Data under study START

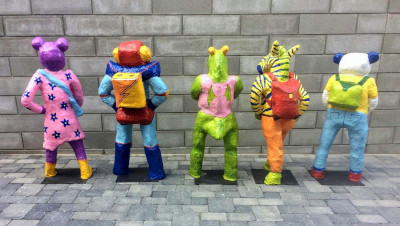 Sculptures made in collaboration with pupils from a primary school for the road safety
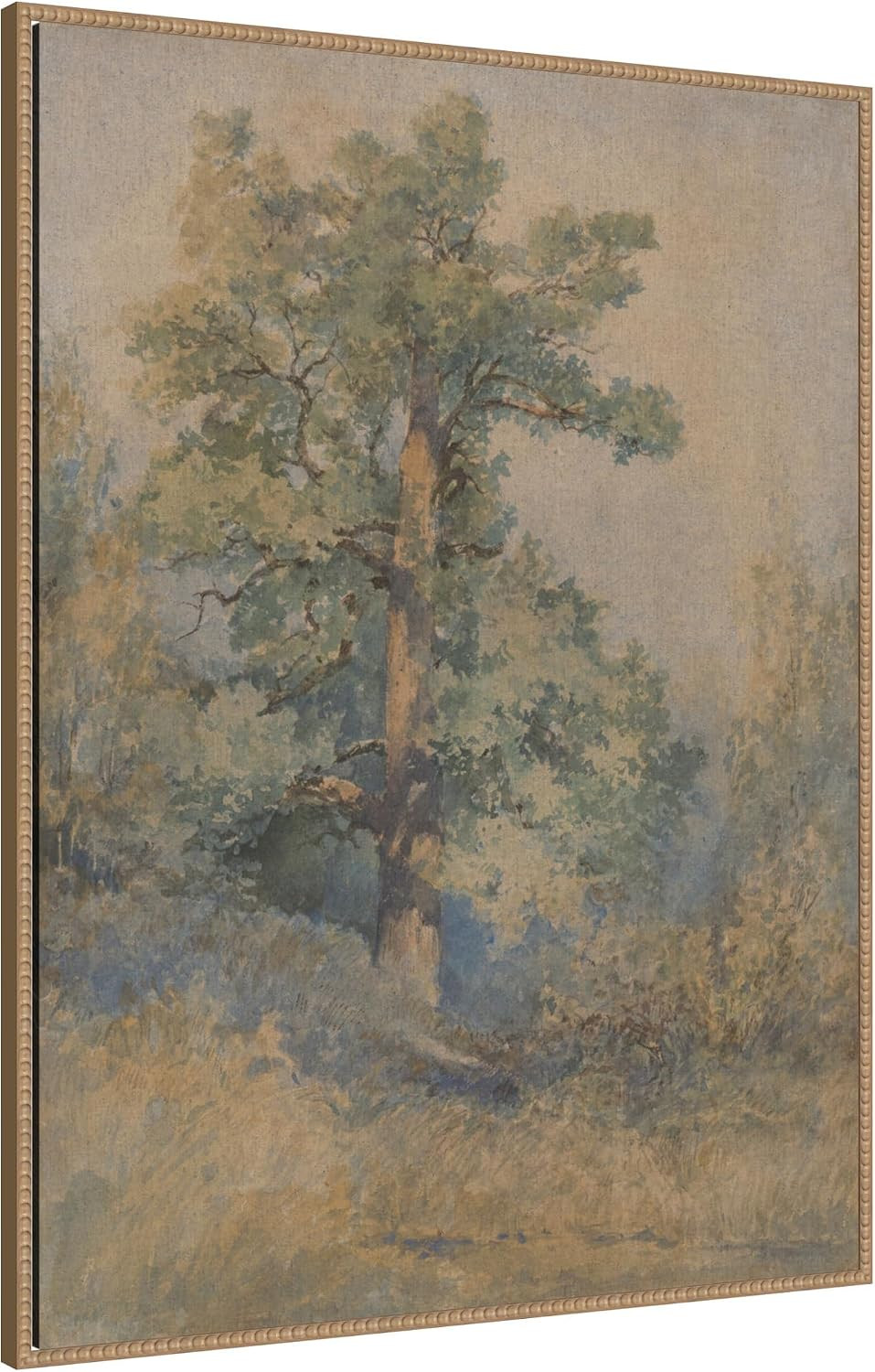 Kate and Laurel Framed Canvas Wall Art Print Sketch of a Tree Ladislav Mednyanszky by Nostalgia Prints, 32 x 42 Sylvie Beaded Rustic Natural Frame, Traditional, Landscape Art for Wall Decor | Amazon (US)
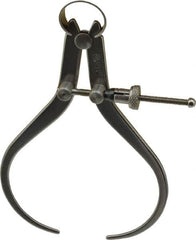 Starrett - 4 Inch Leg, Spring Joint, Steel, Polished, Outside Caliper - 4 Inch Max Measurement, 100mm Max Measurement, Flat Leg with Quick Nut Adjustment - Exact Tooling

Data under study END
Data under study START

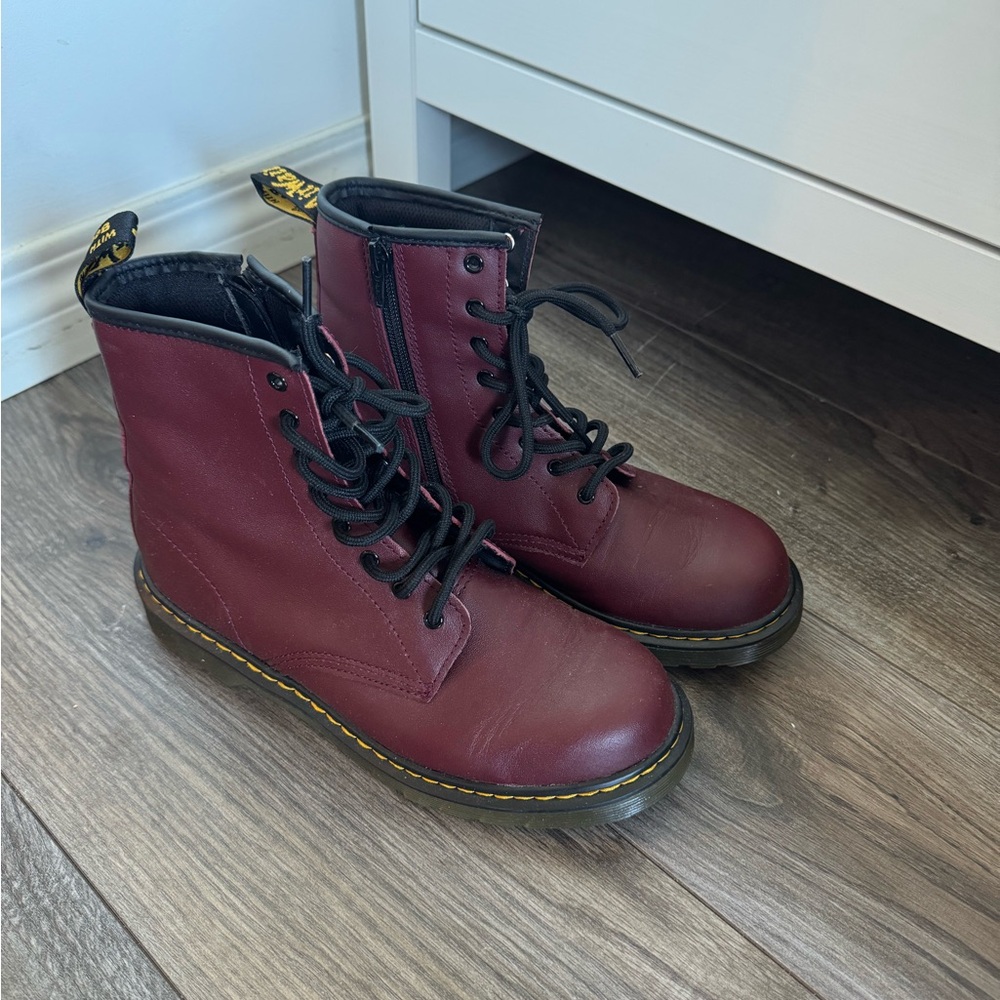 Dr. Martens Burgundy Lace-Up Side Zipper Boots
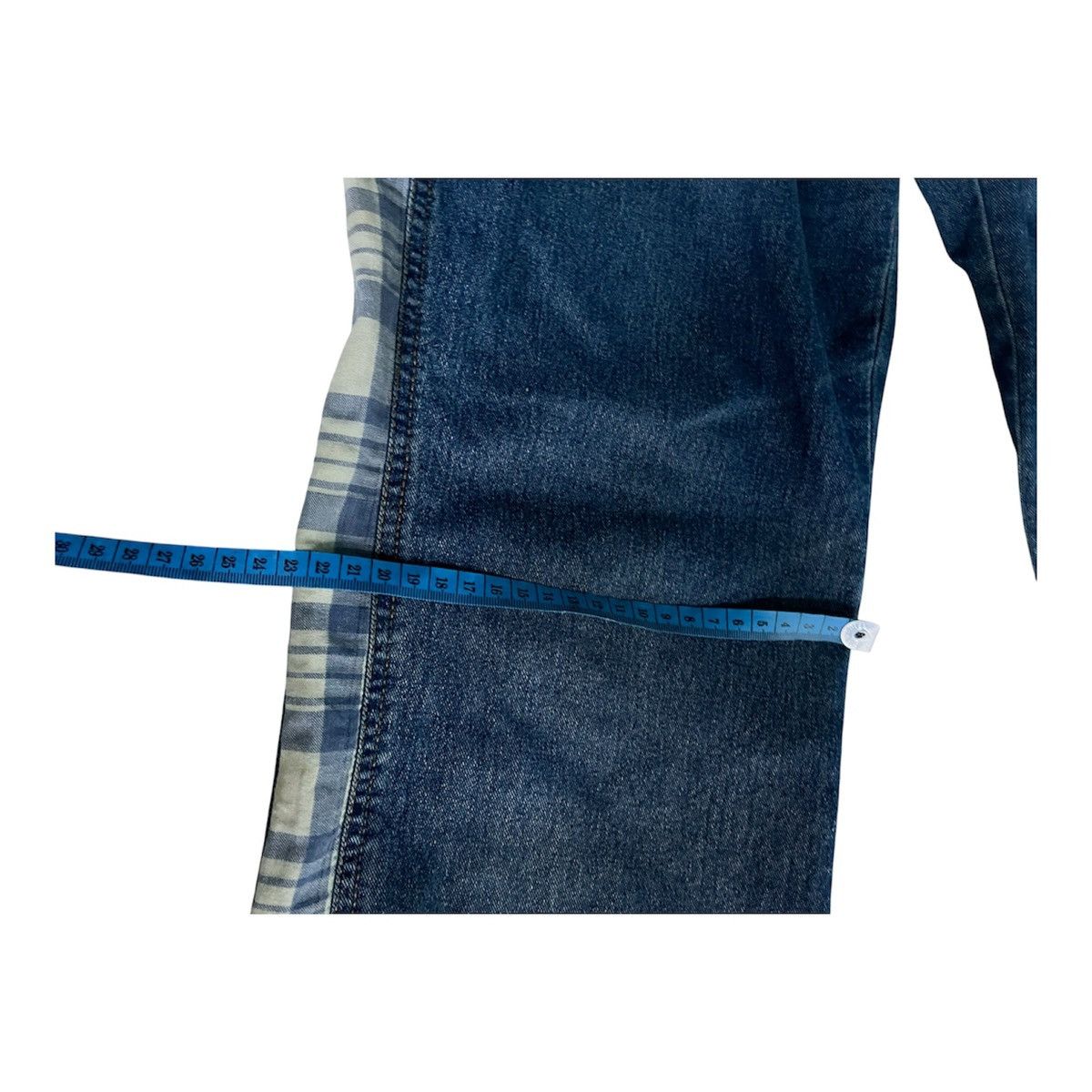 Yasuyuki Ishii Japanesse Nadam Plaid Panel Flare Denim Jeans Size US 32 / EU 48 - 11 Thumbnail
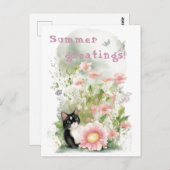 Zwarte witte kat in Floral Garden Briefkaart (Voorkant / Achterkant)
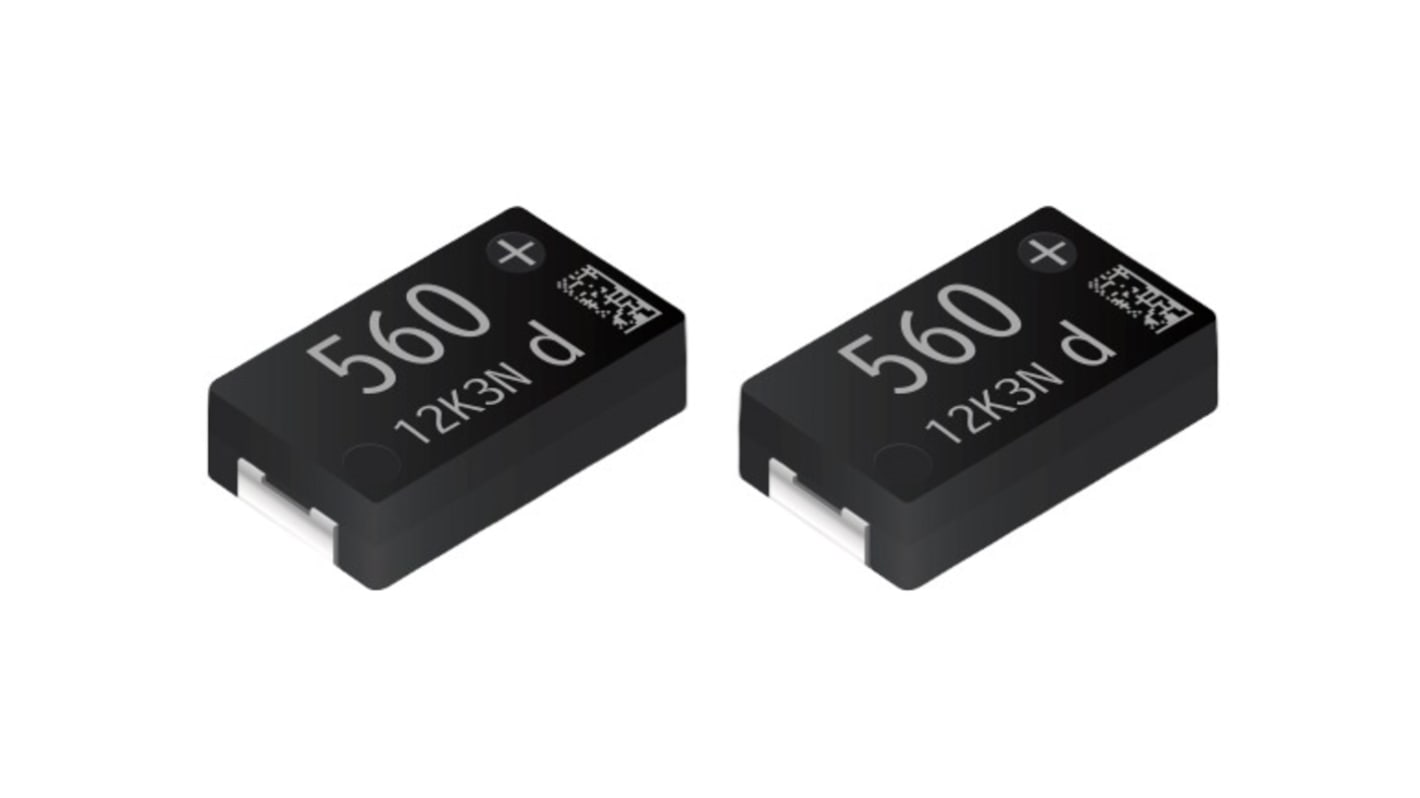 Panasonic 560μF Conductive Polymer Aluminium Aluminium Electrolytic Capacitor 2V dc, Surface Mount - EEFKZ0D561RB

Data under study END

**Task details**
Above are some entries. Restate word for word the lines from the one holding "Zwarte witte kat" through the one holding "Panasonic 560μF Conductive", but not the pictures.

**Response to the task**
 Zwarte witte kat in Floral Garden Briefkaart (Voorkant / Achterkant)
 Panasonic 560μF Conductive Polymer Aluminium Aluminium Electrolytic Capacitor 2V dc, Surface Mount - EEFKZ0D561RB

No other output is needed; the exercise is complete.